* DATA SECTION:
▬▬▬

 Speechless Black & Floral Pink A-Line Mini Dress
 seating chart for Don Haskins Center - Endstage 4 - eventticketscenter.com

▬▬▬

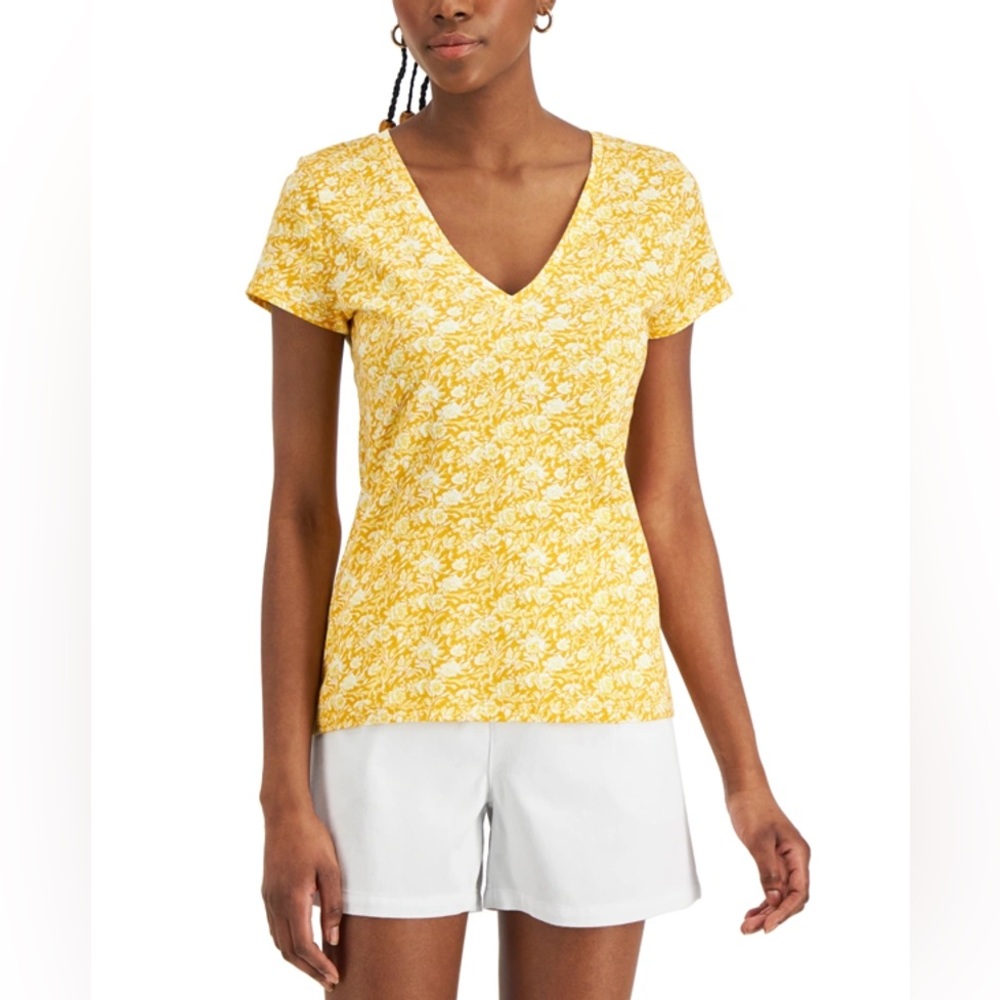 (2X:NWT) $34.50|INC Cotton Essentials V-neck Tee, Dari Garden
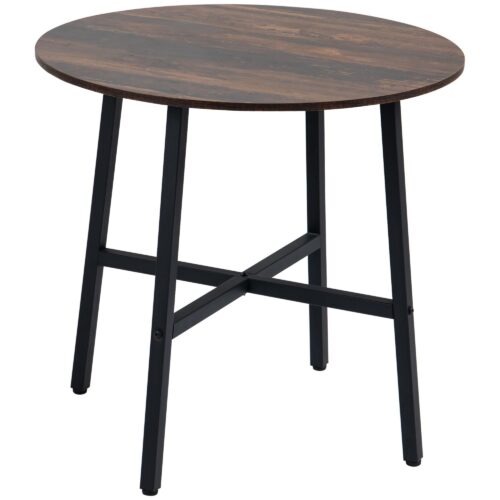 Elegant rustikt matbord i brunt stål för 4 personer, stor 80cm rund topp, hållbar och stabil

▬▬▬

* BRIEF: Beginning at the line that has "(2X:NWT) $34.50|INC Cotton" and ending at the line that has "Elegant rustikt matbord", restate the listing above word for word, pictures left out.

* ANSWER SPACE:
 (2X:NWT) $34.50|INC Cotton Essentials V-neck Tee, Dari Garden
 Elegant rustikt matbord i brunt stål för 4 personer, stor 80cm rund topp, hållbar och stabil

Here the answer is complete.